Pre-Install: Product Choice

Do you have an iPod or MP3 Player and want to incorporate it into your car audio system?

There are a couple different options. The most common and easiest is to run is an FM modulator. For those who are not familiar with the process of FM modulation, the signal is transferred from the analog output into a radio frequency that is picked up by your radio’s tuner on a specific channel. There is a selection of stations to choose from to in case there are radio stations already use.

They make a few different modulators one of which is the Griffin iTrip that connects directly into the upper or lower docking plug on your iPod depending on the model. I have found this unit to have an undesirable amount of static and poor signal to noise ratio causing you to turn your volume up higher with a larger amount of distortion. Distortion is the enemy of a speaker. Too much distortion causes a heat build up which causes the voice coil in the speaker to expand exponentially, when your voice coil expands too much it literally fries and ultimately breaks.
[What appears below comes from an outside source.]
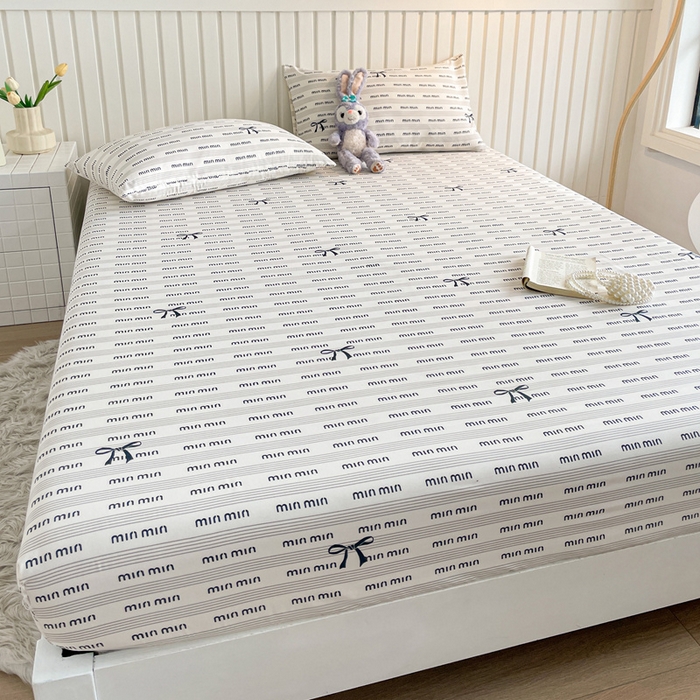 91家纺网 家纺一手货源 找家纺 芯元素 2025新款针织双层纱印花床笠 时尚小咪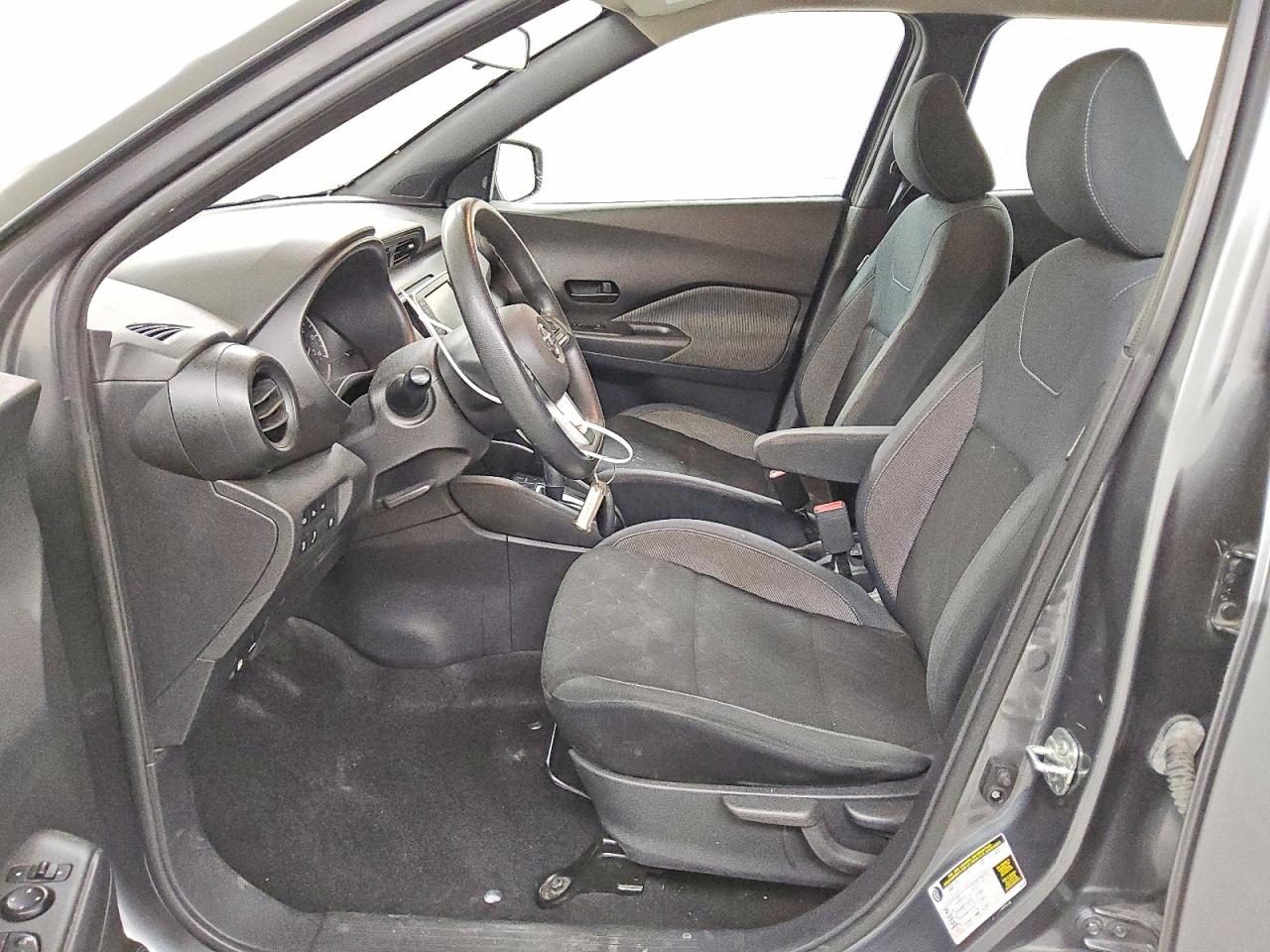 2020 NISSAN KICKS S photo 7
The other model you will come across Belkin F8Z063 that holsters your iPod and plugs into you 12 volt auxiliary plug (cigarette lighter) and acquires the signal from the bottom docking plug. This signal is transmitted in a similar fashion as the unit mentioned above and works much better. There is much less distortion (almost none) and the static is nearly eliminated. There are a few reasons for this: it's a better power source and has a better signal strength because it uses the constant power from the car as oppose to the battery in the iPod not to mention it keeps your iPod from flying through your car on turns or acceleration.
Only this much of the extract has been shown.